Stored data
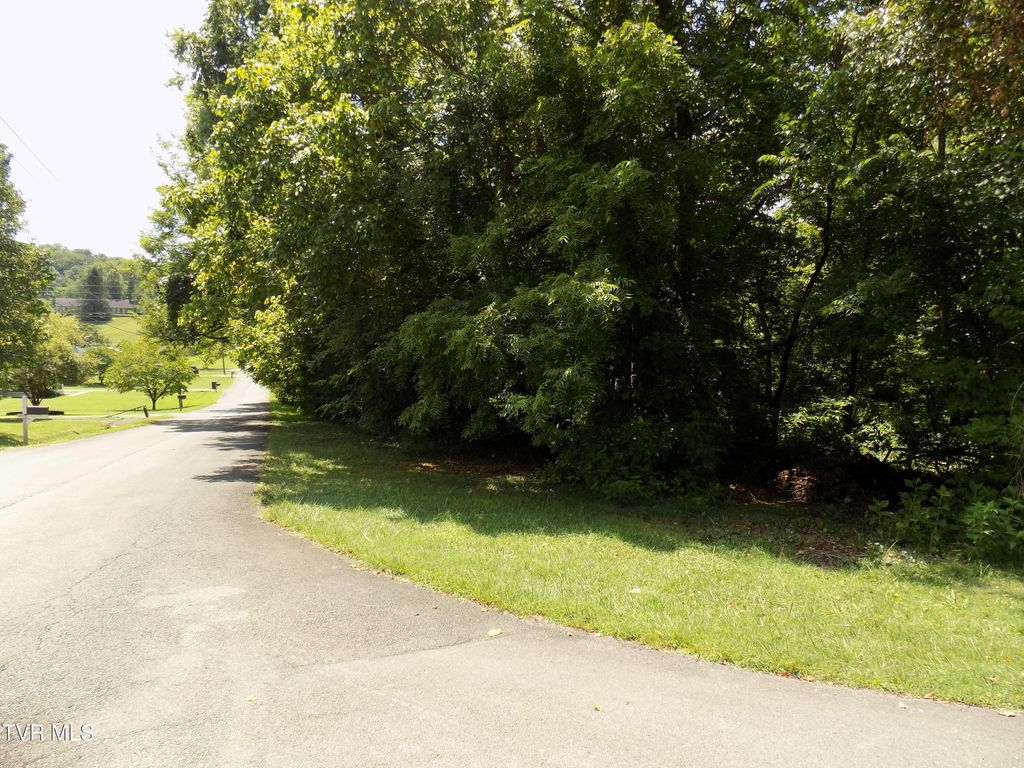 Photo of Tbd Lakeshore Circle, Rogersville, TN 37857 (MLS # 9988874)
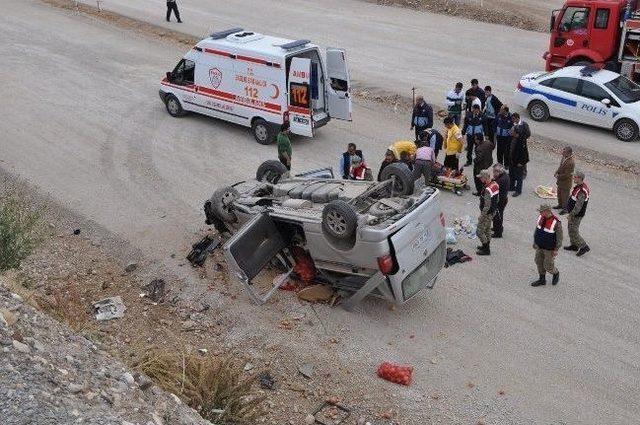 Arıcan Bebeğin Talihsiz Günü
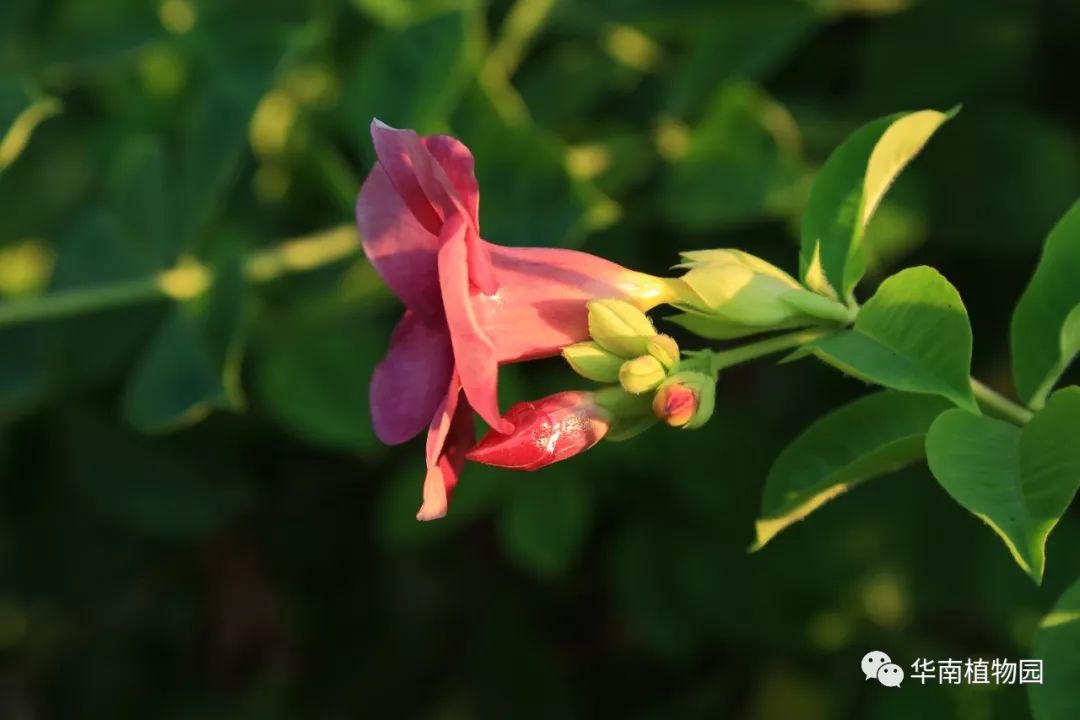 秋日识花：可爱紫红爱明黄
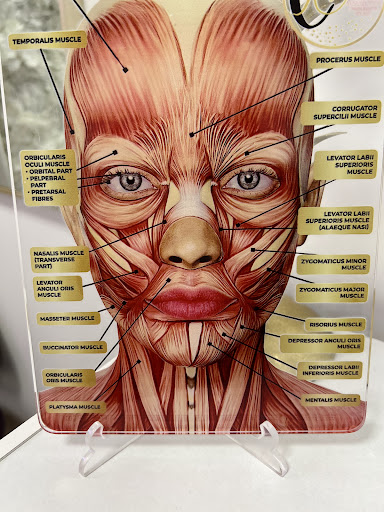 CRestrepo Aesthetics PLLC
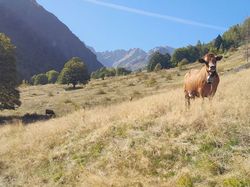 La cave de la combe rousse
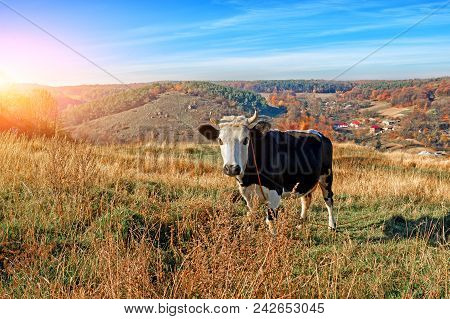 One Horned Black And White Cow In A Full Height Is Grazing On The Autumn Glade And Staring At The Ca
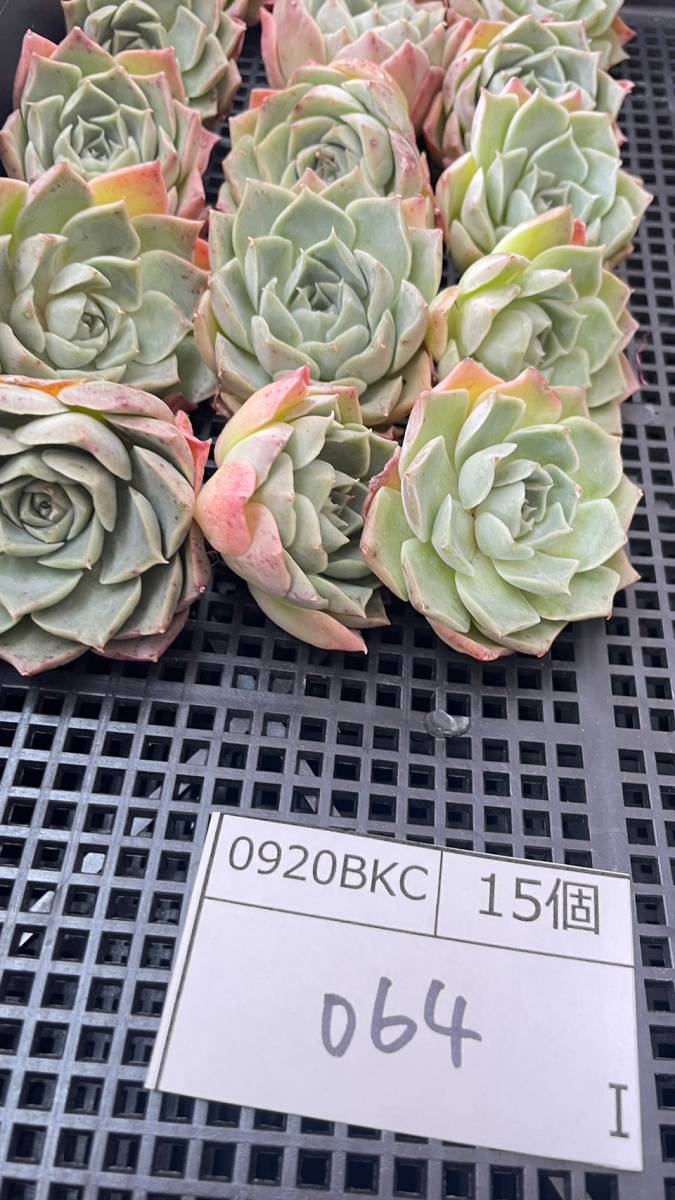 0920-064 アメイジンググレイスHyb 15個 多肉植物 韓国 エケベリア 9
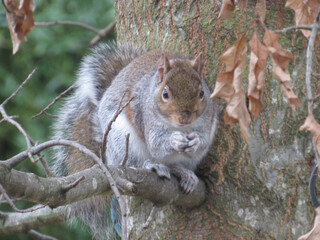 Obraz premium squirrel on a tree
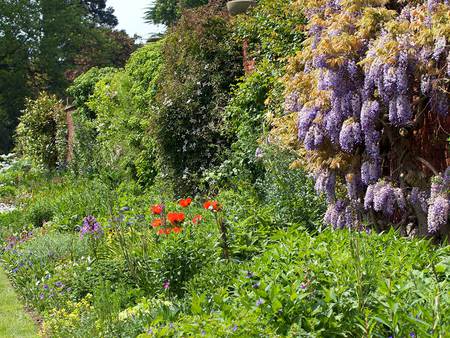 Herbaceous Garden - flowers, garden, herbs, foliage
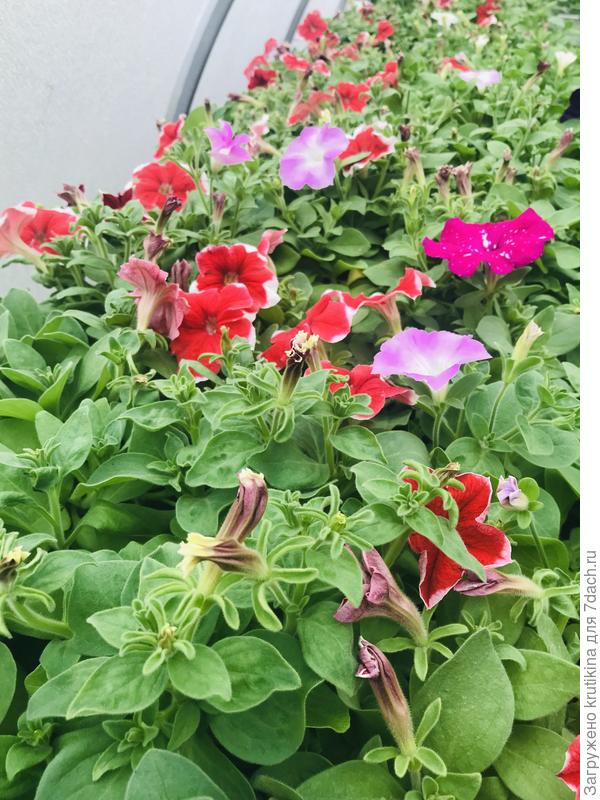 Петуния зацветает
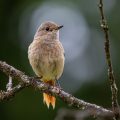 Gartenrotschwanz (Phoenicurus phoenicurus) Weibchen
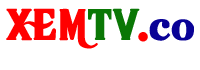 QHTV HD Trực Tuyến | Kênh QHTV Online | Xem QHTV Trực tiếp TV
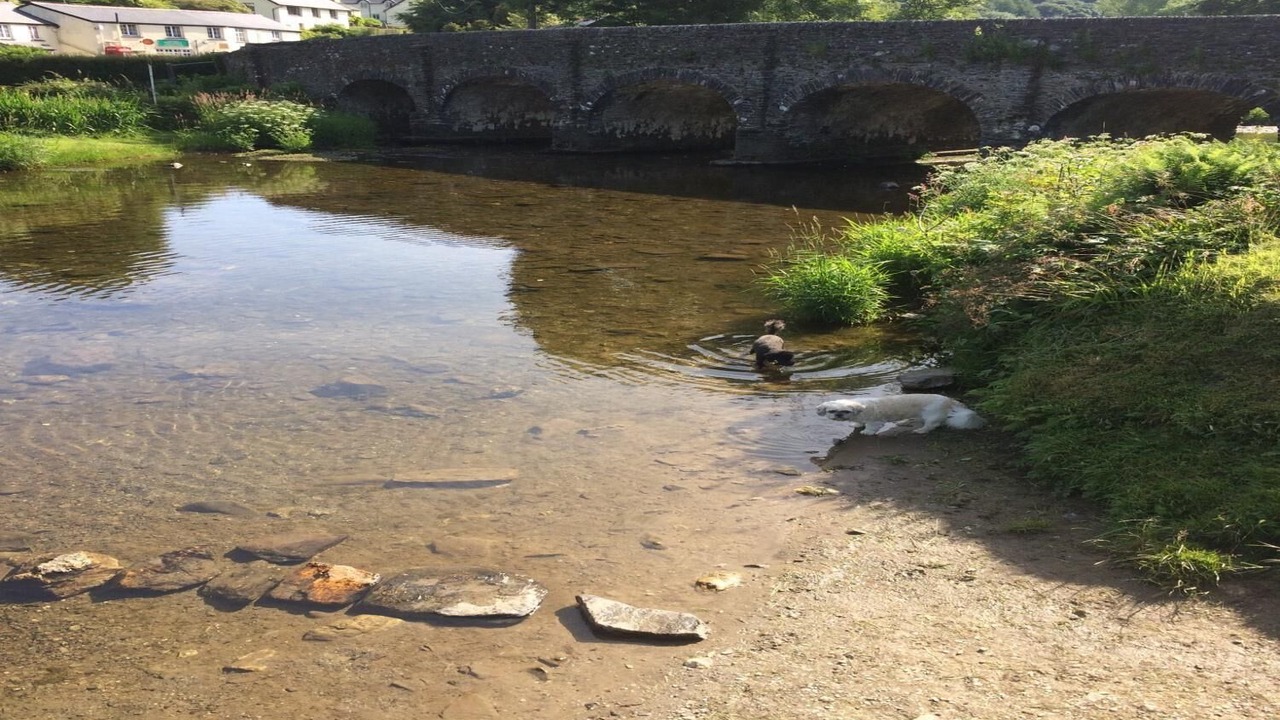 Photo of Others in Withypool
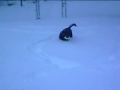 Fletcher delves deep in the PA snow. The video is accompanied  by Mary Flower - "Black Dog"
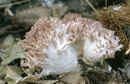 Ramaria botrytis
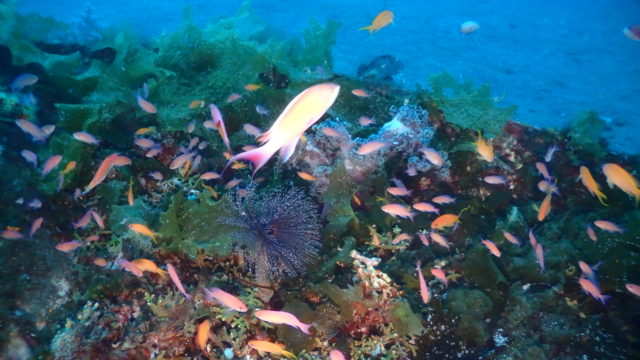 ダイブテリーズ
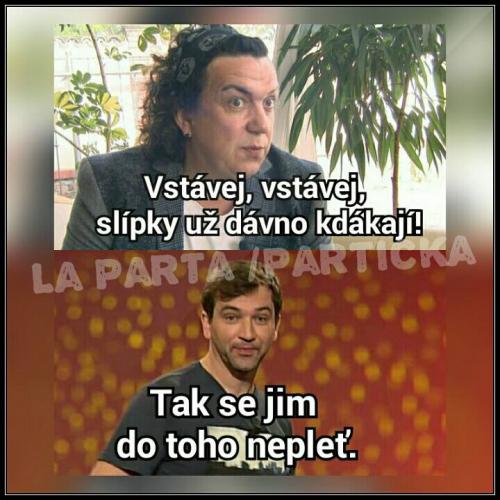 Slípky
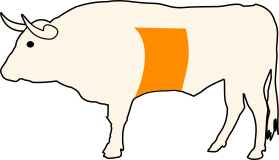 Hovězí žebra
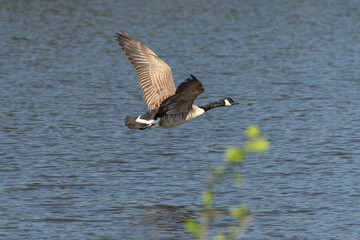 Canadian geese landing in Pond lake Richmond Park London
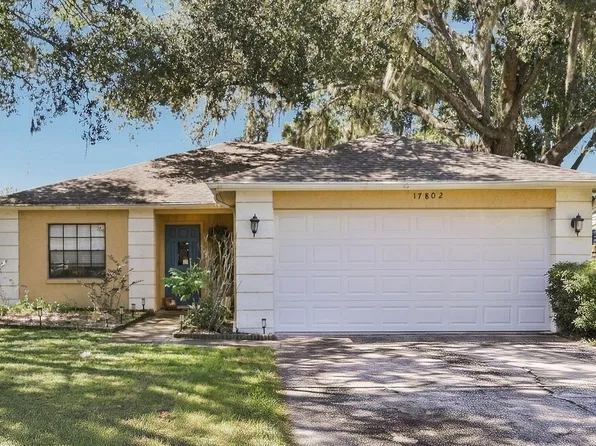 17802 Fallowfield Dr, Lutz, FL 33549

# EXERCISE GOAL
Only the lines starting at the one that includes "CRestrepo Aesthetics PLLC" and ending at the one that includes "Gartenrotschwanz (Phoenicurus phoenicurus)" should be retyped, exactly, from the records above; no pictures.

# EXERCISE SOLUTION
 CRestrepo Aesthetics PLLC
 La cave de la combe rousse
 One Horned Black And White Cow In A Full Height Is Grazing On The Autumn Glade And Staring At The Ca
 0920-064 アメイジンググレイスHyb 15個 多肉植物 韓国 エケベリア 9
 Obraz premium squirrel on a tree
 Herbaceous Garden - flowers, garden, herbs, foliage
 Петуния зацветает
 Gartenrotschwanz (Phoenicurus phoenicurus) Weibchen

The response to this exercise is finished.